TO DO:
Every line from the line containing "Jewel Waterfall and" through the end of the data is to be reproduced exactly, excluding pictures.

THE DATA:
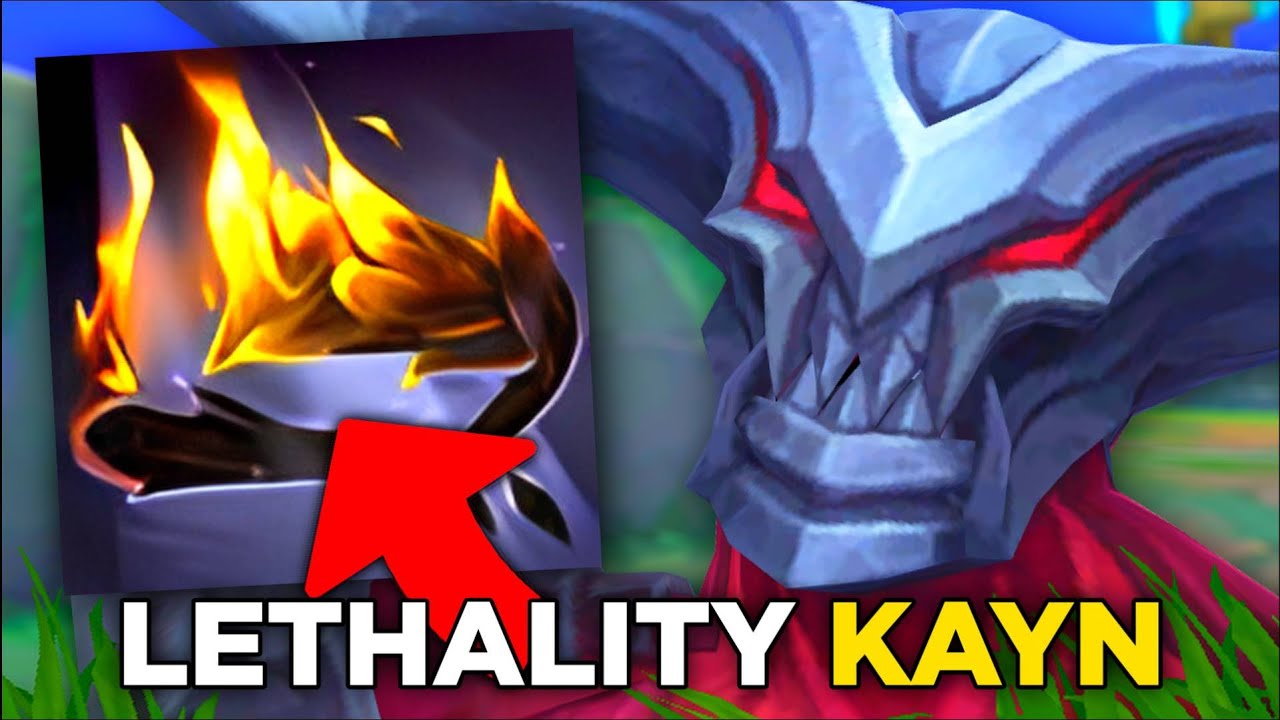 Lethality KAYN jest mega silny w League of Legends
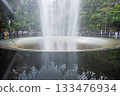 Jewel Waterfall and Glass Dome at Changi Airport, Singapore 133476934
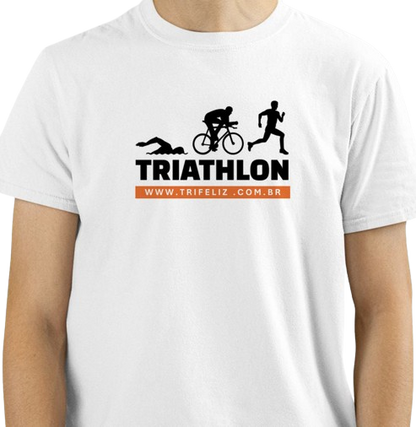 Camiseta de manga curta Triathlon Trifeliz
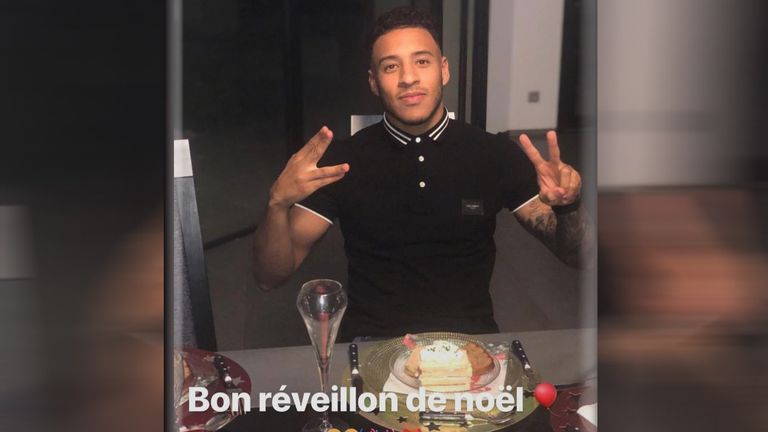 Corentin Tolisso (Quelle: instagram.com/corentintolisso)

RESPONSE:
 Jewel Waterfall and Glass Dome at Changi Airport, Singapore 133476934
 Camiseta de manga curta Triathlon Trifeliz
 Corentin Tolisso (Quelle: instagram.com/corentintolisso)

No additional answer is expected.